Comme si Parcoursup n’excluait pas assez, il faudrait encore exclure parmi les bacheliers qui parviendraient à être étudiants !
Ainsi Paris-Dauphine annonce pour l’an prochain un jour sur cinq en « distanciel », l’Université de Bordeaux investit 2 millions d’euros pour équiper définitivement 100 « Zoom rooms », la Ministre débloque 22 millions d’euros pour l’« hybridation » dès la rentrée et annonce 49 « campus connectés »… Aux bacheliers qui persisteraient à faire valoir leur droit de suivre des cours universitaires, l’ersatz du « distanciel » serait servi comme lot de consolation.
Parcoursup vient donc en renfort des objectifs ministériels : détruire le baccalauréat comme diplôme national, qualifiant, premier grade universitaire ; faire du « distanciel » pérennisé la solution privilégiée pour gérer les flux de nouveaux bacheliers.

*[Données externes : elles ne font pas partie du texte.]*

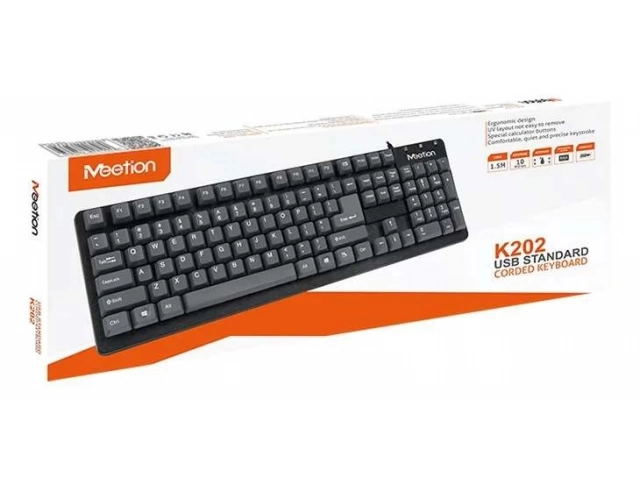 Diseño moderno y sofisticado del teclado Meetion K202 gris, ideal para escritorios en Uruguay, venta en Avlis.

Enrayer cette destruction programmée, c’est revendiquer avec la FNEC-FP FO :
=> les dotations en heures et postes, en lycée et à l’université, pour les indispensables mesures réparatrices des dommages créées par la gestion gouvernementale du Covid, et pour permettre en particulier de remettre à flot les bacheliers 2020 et 2021 privés d’une grande partie de leurs cours ;
=> la réouverture de tous les cours en présence des lycéens ou des étudiants, au lycée comme à l’université ;
=> l’abandon de Parcoursup, le rétablissement de la possibilité pour tous les bacheliers de s’inscrire dans la filière universitaire et l’établissement de leur choix ;
=> Retrait du « Bac Blanquer » qui bafoue l’égalité de traitement entre les candidats, dénature les enseignements disciplinaires, et remet en cause le travail des enseignants
=> le rétablissement du baccalauréat comme examen national, avec des épreuves disciplinaires, terminales, anonymes et ponctuelles.
Notre fédération soutient les AG des personnels qui refusent la mascarade d’examens imposée par Blanquer et les conditions de correction particulièrement scandaleuses auxquelles sont soumis les professeurs. Elle appelle à multiplier les réunions pour prendre position en direction du Ministre et décider des moyens de se faire entendre, y compris par la grève.
Un préavis de grève a été déposé pour couvrir toute la période jusqu’aux vacances scolaires.